Enter Jesus of Galilee
In plotting the probable earliest historical background against the myth-making of the Acts, a few things traditionally neglected need to be considered. I have already indicated (Notes on Jesus Historicity) that some of Paul’s verses are best interpreted via recent historical figure. The earliest of the gospels, Mark, was written with aims similar to Paul, to discredit the earthly discipleship of Jesus and its false promise of a messianic kingdom on earth. Mark leaves us an important self-dating clue. In chapter 13, plotting the Pauline parousia (13:26-27) Mark’s Jesus warrants that this generation shall not pass, till all these things be done. Mark worked with a double-tracking time system; that of the time of Tiberius and his own, and he freely mixed events from those two time frames. The little apocalypse, like so may plots in his gospel, lampooned the Petrine view of the coming messianic kingdom (into Jerusalem below) and their puerile view of it, through the apocalyptic themes borrowed from Zechariah (14). For this decoy to work Mark’s writing could not be removed beyond the living memory of Tiberius reign.

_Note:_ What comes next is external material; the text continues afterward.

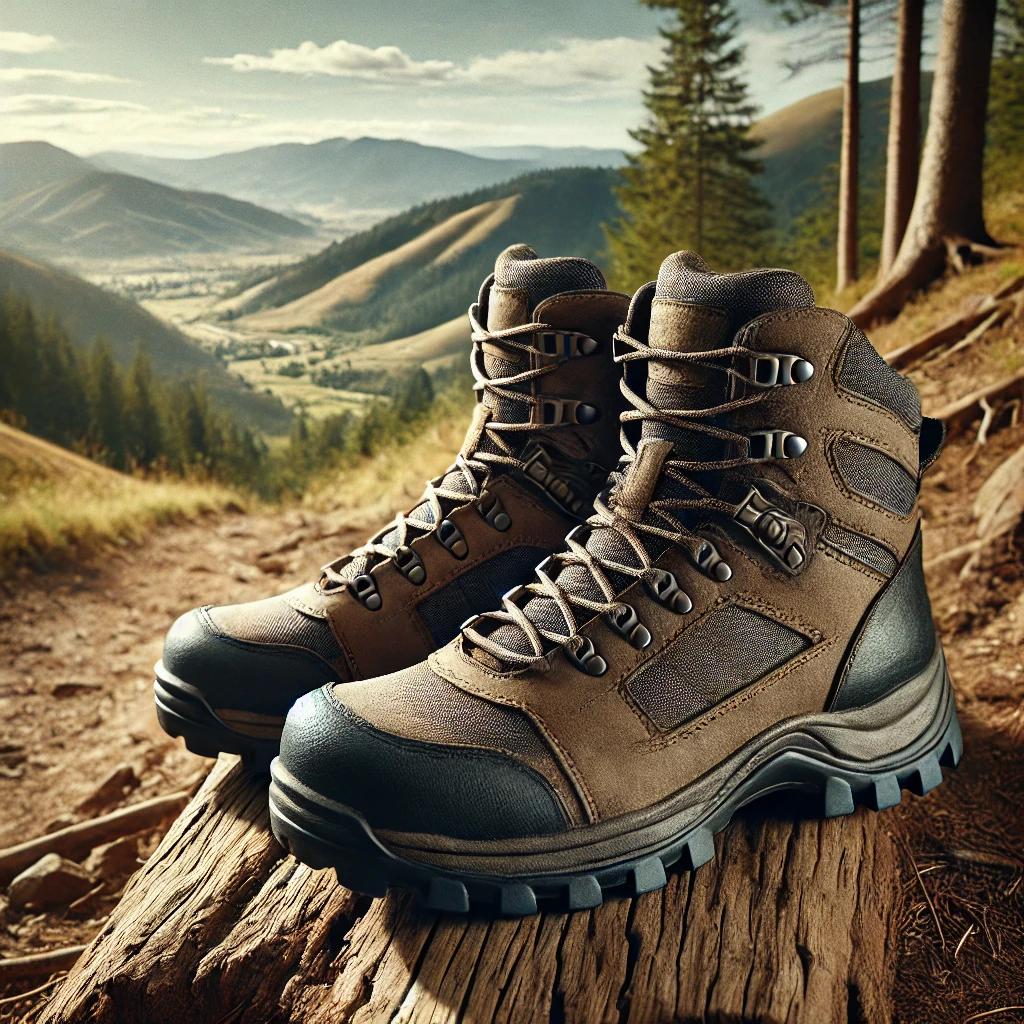 등산화구입시 고려사항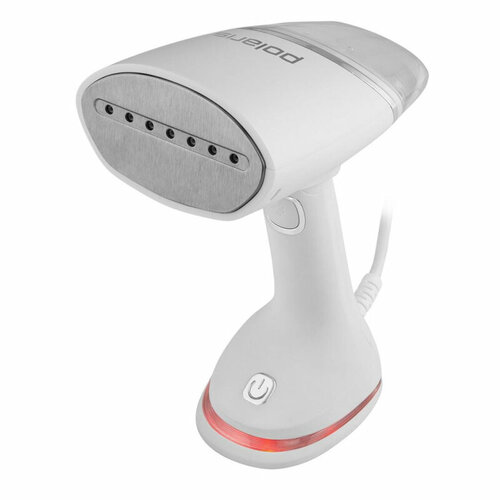 Отпариватель Polaris компактный PGS 1422CA Travel белый 678500₽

If then Mark wrote ~70CE, Paul’s conversion and activities would have been earlier than ~37CE ( the Aretas IV. marker in 2 Cr 11:34) and this means the Jerusalem missions proclaiming Jesus would have been in place some time prior to that. On this schedule, it does not seem at all probable, that a community of believers in an executed wrongdoer would have been able to establish itself in a hostile environment like Jerusalem (where their Galilean ways, and northern accent would have caused instant frictions) without some kind of a prior larger community support and protection.
In the most probable scenario, Jesus walked into Jerusalem some time 28-30CE with a small retinue and shortly after was either killed outright in the precinct of the Temple or executed later for an uproar he instigated there. Jesus’ miraculous escape from death in the Temple had at least two versions, John’s attempted stoning of him (8:59) and the Markan account where no reaction follows immediately to his destructive public rage in the Temple, as it certainly would have been the case. In the latter account, when Jesus indicates to the arresting party later that he is simply giving up to fulfil the scriptures (14:49), he is acting out a script.
Faithfully, this type of mythologem repeats itself in almost any apologia for a fallen leader by his surviving followers, who first deny he was killed (if it is possible) and then admit the death with stipulations that their hero won a short reprieve from death before succumbing to a pre-ordained fate. You may count in among them Ali, the son-in-law of Muhammad, the Báb, founder of the Baha’i faith, Juro Jánošík, the Slovak highlander hero, and the Sikh militant Jamail Singh Bhindranwale who was killed in the storming of the Amritsar Golden Temple in 1984. They will likely soon be joined by the latest martyr, the myth of whom still lingers in the first phase. The leader of the Tamil Tigers, Velupillai Prabhakaran was ambushed and killed in 2009. His corpse was displayed publicly by the Sri Lankan military. It was a case of mistaken indentity, say the Tigers.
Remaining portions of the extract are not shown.